None of the teams in that first Third Division (North) have ever featured in the top division, let alone won the thing. None of them have ever appeared in an FA Cup Final. (Or a League Cup final, for that matter). Seven of the twenty aren’t league clubs anymore – and that’s not counting Accrington Stanley, whose modern edition isn’t strictly speaking the same club. Another Three (North) pioneer, Stockport, narrowly avoided relegation from the league last year: other teams in this list have come and gone more than once.
It’s safe to say that by 1920 every decent northern side was already a member of the Football League. Since then, only Wigan Athletic have emerged as a new football force from the north of England.

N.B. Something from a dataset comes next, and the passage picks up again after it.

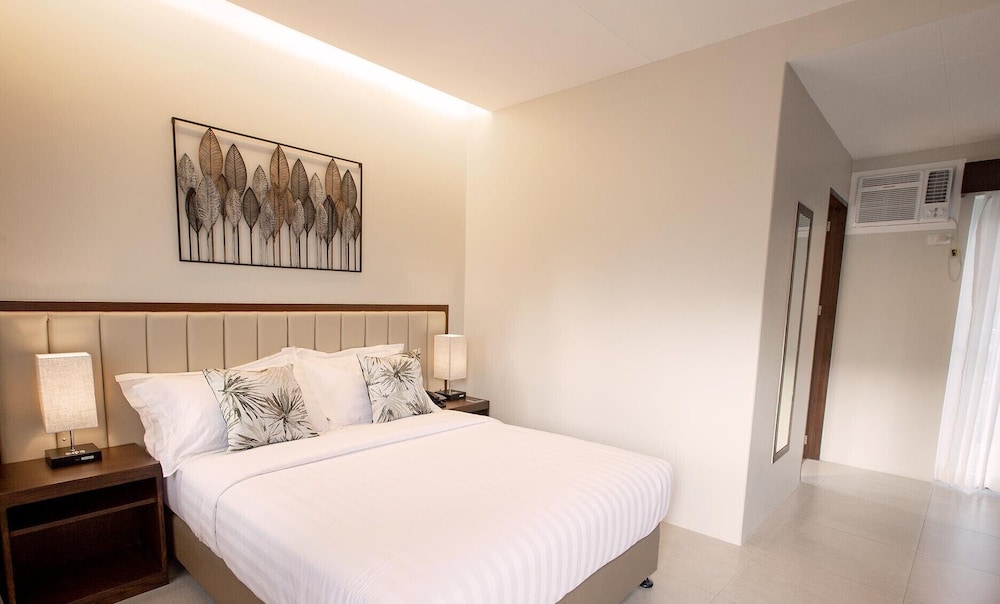 Deluxe Suite - Photo 1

The essential point is this. Football in England was a regional game almost until the time of the first FIFA World Cup. While the rest of the world was using the World Cup and the Olympics as political, nationalistic tools, England was just putting the finishing touches to the national structures that would keep the game stable for the next 75 years. They might not have been working to spread the game abroad – although British coaches certainly were – but they were working, very successfully, to spread the game across the country at home. (In the amateur years, they’d done much to encourage the game in Scotland, Wales and Ireland too).
How much of a start is England considered to have over Continental Europe in this respect? Twenty years? Thirty years? Stable equivalents of the Football League (which has survived two world wars, and, of course, one world cup) appeared in Austria in 1974-5; in Holland in c. 1954 (and arguably not until the late 1960s); in Germany in 1963/4 (but a second professional division had to wait until the 1970s); in France in 1932-3, creditably; in Italy since 1929 (more realistically 1949); in Spain since 1929 (more realistically, post-Civil War: the first La Liga consisted of only ten clubs). England’s fifty years of four professional divisions remains unrivalled: none of the countries named boast more than two professional divisions.

The irony, as ever, is in the contrast between a relatively thriving domestic game and the lack of international success. In some respects, the love of the game in England, which keeps such a huge league structure alive and well, reflects the direction in which our seriousness about it all goes. What’s most important to us is that the football happens at all, and winning is secondary. It’s still a game.. it’s the game that’s more important than life or death, not winning. Football in England is part of the furniture in a unique way: it’s comfortable furniture, not Louis Quinze, and if it doesn’t dazzle our foreign neighbours, then we’ll feel abashed for a while.. but we’ll never throw it out.

4 Replies to “A Regional Game”

  1. Any idea why rugby became the working man’s game in S Wales and the Scottish Borders, and League in the M62 corridor and W Cumberland?

  2. Not off the bat, as it were. But a lot of these things have to do with the attitudes of already existing clubs to the various attempts at standardising rules in the 1840-70 period: one club would prefer one set over another, and that would set them off on a path that eventually led to rugby, soccer, then league v union and so forth. The decisions and enthusiasms of a handful of Victorian men set the sporting future in stone, and only recently have some of these borderlines been crossed.

  3. Rugby league was formed as a breakway from rugby over the question of ‘broken-time payment”, whciich was essentially compensation for wages foregone whilst playing rugby. The northern clubs, with a much greater working-class representation, were the ones that seceded.

    This doesn’t explain the Welsh/Scottish borders distinction, however. I’d have thought it had something to do with popularity in farming communities, perhaps which given the working patterns meant the question of compensation was not so important?